Yesterday we went to the Portreath Bee Centre. One enters on the ground floor into a shop that is chock-a-block full of things to buy, none of which I could quite bring myself to take home. Upstairs there’s a tea-room, and a door through which one can only go by shelling out £1.50 for an adult and 75p for a child (Sebastian the baby got in free). On the other side of the door is a room split into approximately two halves, the closest of which has a tv with a bee video and 20 chairs just begging someone to sit down and watch. On the other side of the room are a couple of scraggly bee hives with bees in various stages of honey making, along with pictures of some old time bee hives that were woven by hand using caning techniques and covered in cow dung to make them airtight (pretty interesting actually). Nathaniel enjoyed it, but then he saw the sheep outside and immediately wanted to go look at the sheep, so I’d give it a solid C, nice enough, but not enthralling for a 4-year old.
Outside, he wanted to know how bees made honey. I have come to expect post-experience questions from Nathaniel. He often internalizes what he’s seeing, and then comes up with a couple of questions anywhere from 5 minutes to 2 days later (the 2 day later questions can make for interesting conversation as one tries to remember what it was he saw recently to warrant the question). So in answer to his question, “How do bees make honey?", I explained what I knew, that bees visited flowers to collect nectar, then flew back to the hive to put it into the honey-combs. He then wanted to know how they stuck it in the honey-combs. I didn’t know the answer, so I said “They poop it out.

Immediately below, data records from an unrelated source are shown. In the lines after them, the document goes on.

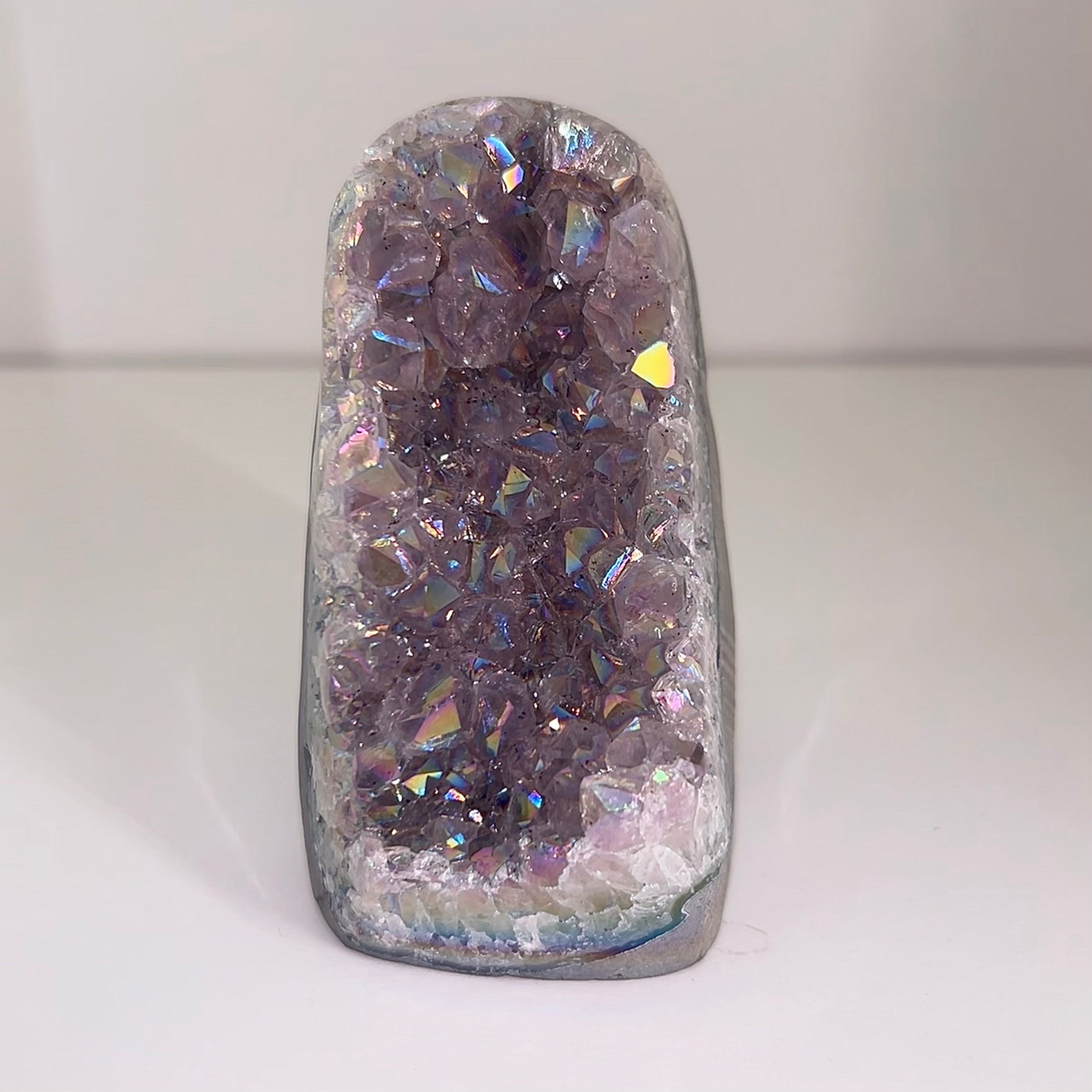 Aura Amethyst Upright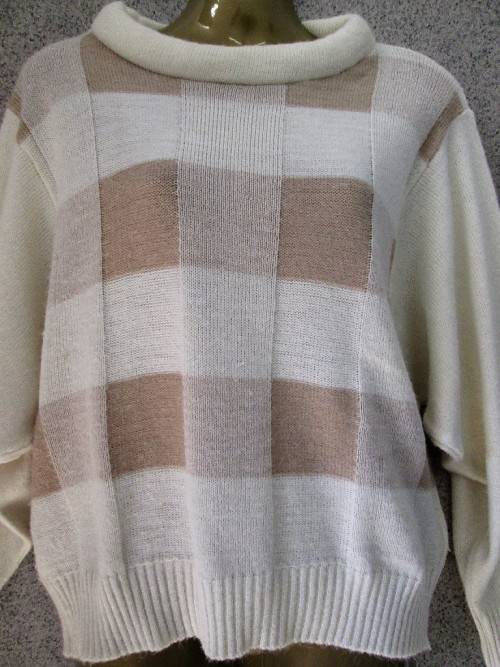 Vintage Cream & Beige Jersey - Size L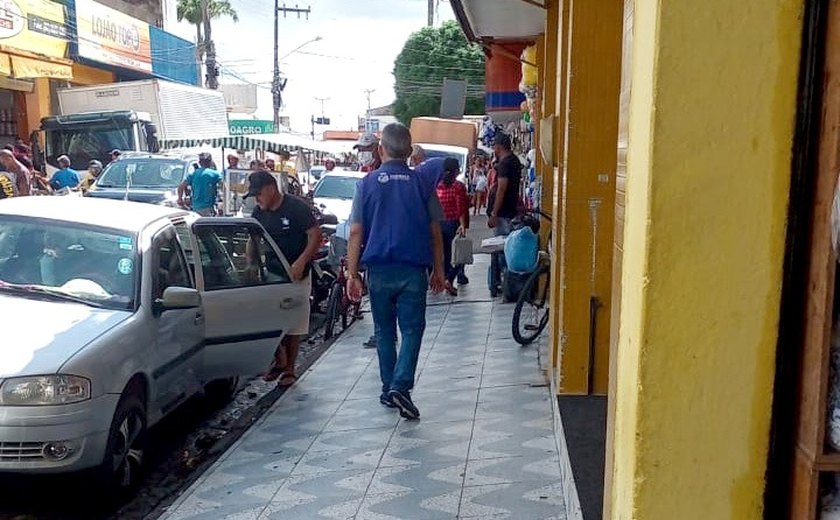 Prefeitura realiza ação de acessibilidade nos passeios públicos da Rua do Sol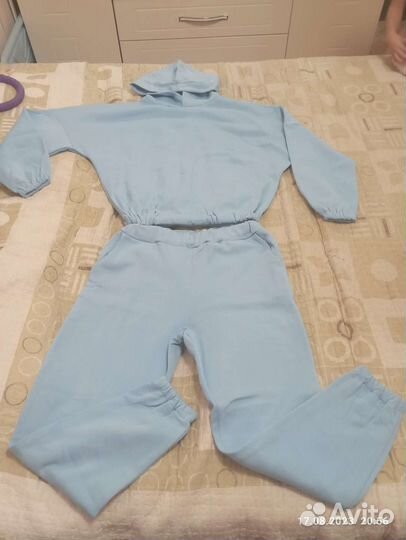 Костюм спортивный утепленный новый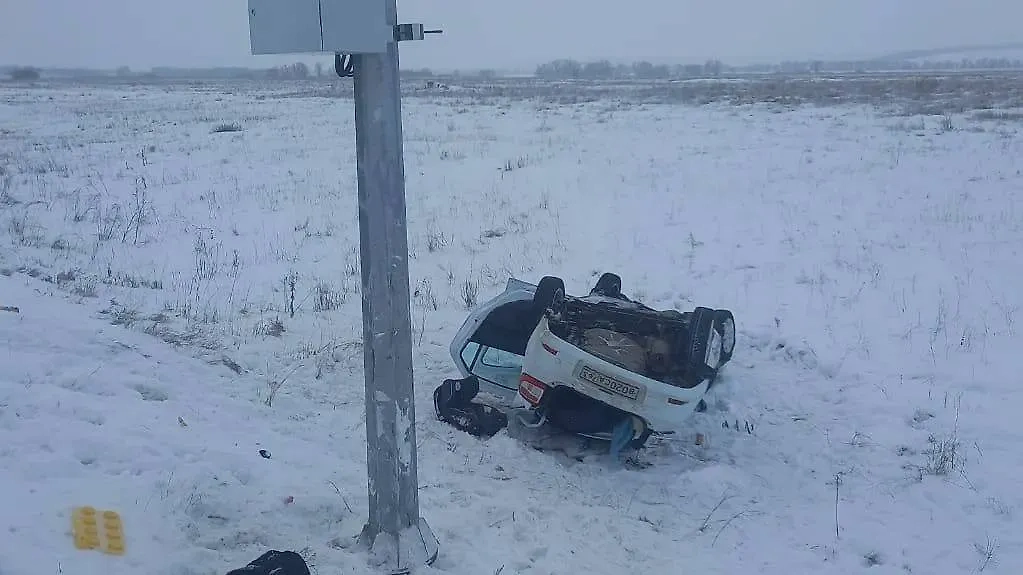 Renault улетел в кювет на трассе в Самарской области. Фото © T.me / Прокуратура Самарской области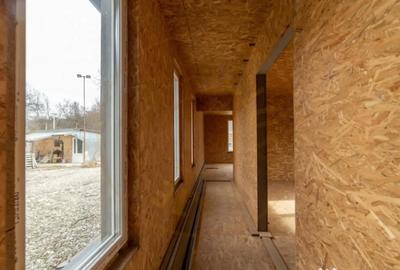 Casă cu 5 camere cu Teren 506 Mp în Budeasa - 1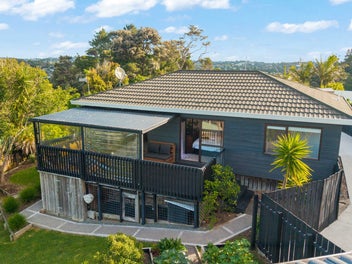 Sensational Cedar Bayview Beauty!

Honey is just bee poop.” (I’ve since looked up how they do it on the web, and now know that bee pollen is bee poop, not bee honey, so -1 for Dad on the answer scale).
Earlier in the morning we’d been at Trevethan Farm, where in addition to picking strawberries, we’d looked at rabbits and guinea pigs and a pig. While we were looking at the pig, I’d told him that pigs were where bacon comes from, that when he ate a piece of bacon he was eating the pig. At the time he’d just nodded and asked to be pushed on the swing in the play area.
So, after looking at the sheep outside the Bee Centre, and trying to pet the ponies (who, as we didn’t have any carrots or sugar cubes, weren’t having any of it), we were finally all strapped into the car, and driving home. From the backseat Nathaniel piped up with one final question, “Hey dada, do pigs poop hamburgers out?” I couldn’t help but laugh because I knew exactly where that question had come from.